Disclaimer: If I owned Naruto, don't you think I'd be able to draw well?

-Learning to Live Without You-

Ever since you left, I've been learning to live again.

There's a pattern to my life; have you noticed? I'm happy, thinking life couldn't get better. Then tragedy strikes.

I found you, and I couldn't have been happier. The day I proposed to you, and when you said yes; that day I think I knew that something terrible would happen to me.

I was waiting for something to happen to someone else; I was too afraid to face the facts. I knew something would happen to you, but I didn't want to admit it.

Then, when I finally faced the truth and my fears, you were gone. Dead.

I hate that word: death. That's pretty much all my life is centered around: The death of my clan, the death of Itachi, and the death of you.

The day of your memorial, Naruto said something to me that was comforting in its own absurd way: "She always said she wanted to be and die an Uchiha. I guess she got her wish, in a weird sorta way, ne?" He had a point.

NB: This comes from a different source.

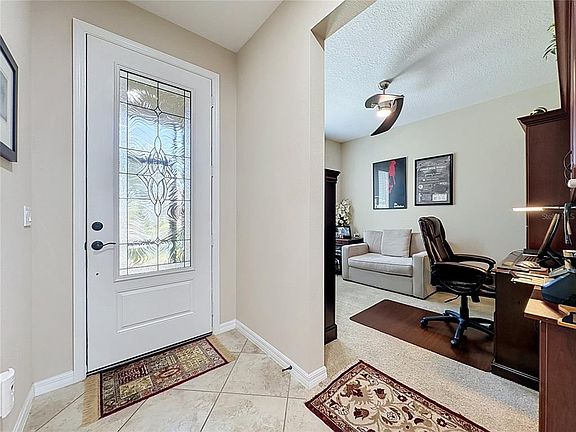 5th image of 164 Silver Maple Rd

Of all my questions for the gods, the most pressing would be this: why did you have to be the one to get leukemia? Why not Tenten? Or Ino? Or Hinata? Why couldn't it have been someone except you?

Now I've got a guilty voice telling me that that wasn't a very nice thing to say. If Tenten, Ino, or Hinata had died, Neji, Shikamaru, and Naruto would be feeling the same thing I am feeling.

You know what I mean, that desperately lonely feeling that makes you want to curl up and die? Sometimes I wish I could do that.

But then the voice comes back and tells me that I have to live for them. Damn voice.

Them. The friends and companions I have gained over the years. I know that if I died or left, Naruto would be torn. His heart has already suffered too many blows: having no parents; the villagers ridiculing him. And now that you've gone, Hinata's gonna have her work cut out for her, healing that idiot's broken heart.

I sit her at your grave, contemplating my life, my past, you, and what would happen if I decided to just end it all. Maybe I should go.

---

The young man stands up, still gazing upon the stone tablet that marked where his dead lover lay.

"I'm leaving now, Sakura. But don't worry, I'll be back tomorrow."

The young man turns, and begins to walk away, looking and feeling helpless. He pauses. Looking up, and a few sakura blossoms fall upon the man's upturned face. He smiles. "So you've been listening, have you...Sakura."